Last week, Zac and I spent nearly every waking hour out of doors. We hauled load after load of compost down to the garden, and turned load after load of it in to last year’s double-dug beds, transforming the wintry, clay crust into a dark, even tilth.

In the first bed went our root vegetable seeds: St. Valery and Jaune Obtuse du Doubs carrots, Chioggia, Bull’s Blood, and Golden beets, and, in a row together, Guernsey Half-Long parsnips and French Breakfast radishes (the radishes, quick to germinate and come to maturity, mark the parsnips’ row, shade out competing weeds, and are harvested and gone by the time the parsnips need the space. This is a trick I picked up from Country Living, which is hands-down our second favorite magazine, next, of course, to By Hand.)

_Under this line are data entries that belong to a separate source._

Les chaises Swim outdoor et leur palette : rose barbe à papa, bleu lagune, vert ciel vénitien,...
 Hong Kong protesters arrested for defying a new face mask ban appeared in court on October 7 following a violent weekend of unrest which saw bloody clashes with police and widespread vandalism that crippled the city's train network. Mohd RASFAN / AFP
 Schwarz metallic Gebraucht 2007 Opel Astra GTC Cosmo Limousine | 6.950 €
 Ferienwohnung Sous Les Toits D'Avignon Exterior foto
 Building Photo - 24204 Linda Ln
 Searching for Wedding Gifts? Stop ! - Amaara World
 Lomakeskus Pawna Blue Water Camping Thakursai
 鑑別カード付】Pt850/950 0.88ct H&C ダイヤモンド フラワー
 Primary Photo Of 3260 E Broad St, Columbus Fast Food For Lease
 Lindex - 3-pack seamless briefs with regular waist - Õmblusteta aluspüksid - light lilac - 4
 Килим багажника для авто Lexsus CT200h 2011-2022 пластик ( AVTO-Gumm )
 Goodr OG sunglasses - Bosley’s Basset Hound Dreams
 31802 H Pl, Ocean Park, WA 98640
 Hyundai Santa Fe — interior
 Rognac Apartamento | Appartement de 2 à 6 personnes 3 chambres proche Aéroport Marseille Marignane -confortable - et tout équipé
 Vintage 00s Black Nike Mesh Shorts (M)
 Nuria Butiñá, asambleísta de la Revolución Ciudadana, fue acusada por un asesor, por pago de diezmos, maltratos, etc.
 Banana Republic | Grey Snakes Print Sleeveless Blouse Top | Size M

Jerry observed us carefully.
From a llama’s eye view, you can see the layout of the garden a little better. In front is the root bed, the bed I’m standing and planting is the greens bed (succession planted with about 8 types of lettuce), and the bed to my back is the onion bed. Beyond that, there’s a perennial bed on the left (overwintered garlic, to be replaced by asparagus, two rhubarb crowns, and some horseradish), and a yet-to-be-dug potato bed on the right.
Further beyond that, in another fenced-off area, is the New Garden– a plot about the size of four beds, currently inhabited by Elwyn, Brooks, and White, our wonderful weed-eating geese. Once they eat the weeds down to nothing, we’ll dig four beds there: one for tomatoes, one for peppers, one for cucurbitaceae, and one for beans and peas.
I’d go in to our plans for putting berry bushes all along the back of the house, and planting herbs and dye plants all in the front, but it makes me tired just to think about.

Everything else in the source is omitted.